### Exercise description
Your answer must be a word-for-word copy of the listing below, minus its pictures.

### Provided data
§
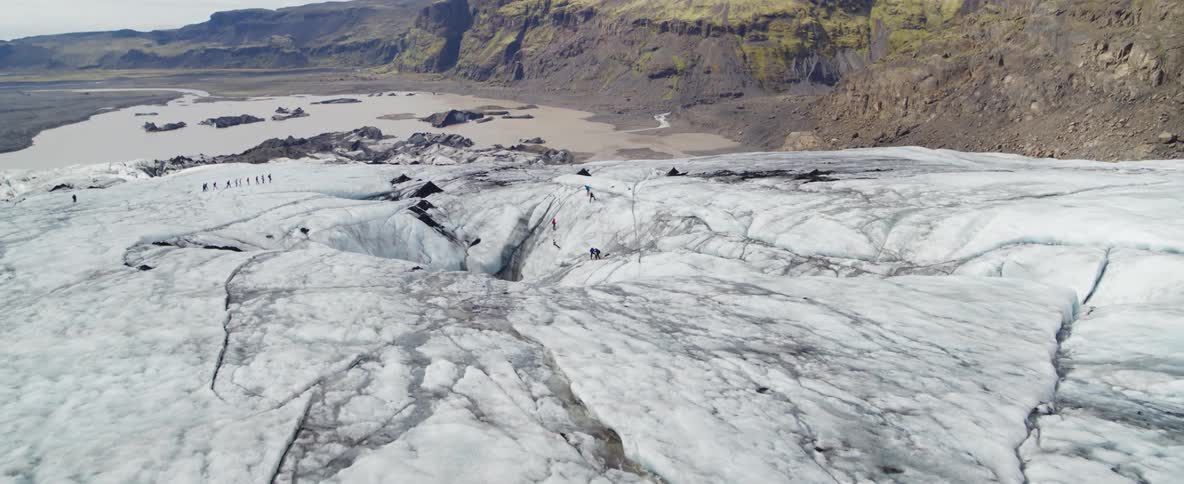 People walk across an icy mountain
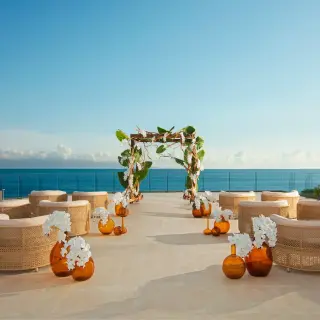 Terrace wedding ceremony with wicker chairs and a floral arch at Dreams Bahia Mita, Puerto Vallarta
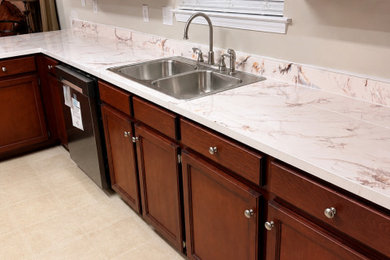 Example of a mid-sized transitional l-shaped eat-in kitchen design in Other with marble countertops, white backsplash, marble backsplash, no island and white countertops
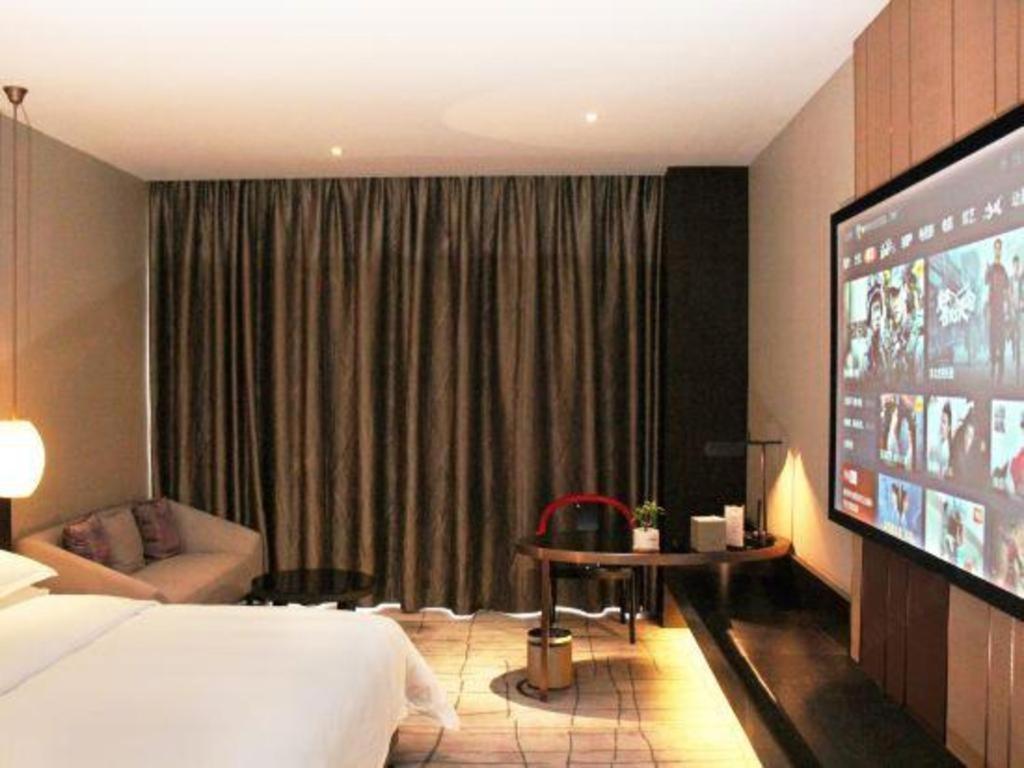 Maison New Century Hotel Dongguan Дунгуань Экстерьер фото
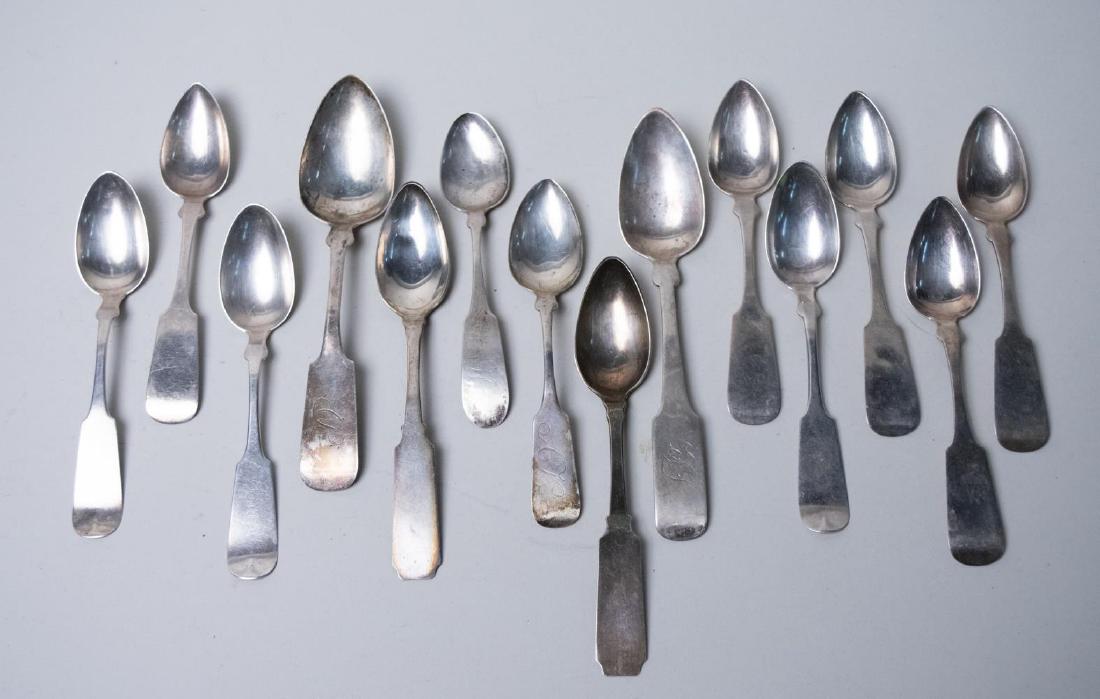 Group of Coin Silver Teaspoons: Various makers, most fiddle pattern. Total 256 grams. Notice to bidders: Due to the nature of this particular online sale, the lots offered may not be available for detailed condition reports or addit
§
### Result
 People walk across an icy mountain
 Terrace wedding ceremony with wicker chairs and a floral arch at Dreams Bahia Mita, Puerto Vallarta
 Example of a mid-sized transitional l-shaped eat-in kitchen design in Other with marble countertops, white backsplash, marble backsplash, no island and white countertops
 Maison New Century Hotel Dongguan Дунгуань Экстерьер фото
 Group of Coin Silver Teaspoons: Various makers, most fiddle pattern. Total 256 grams. Notice to bidders: Due to the nature of this particular online sale, the lots offered may not be available for detailed condition reports or addit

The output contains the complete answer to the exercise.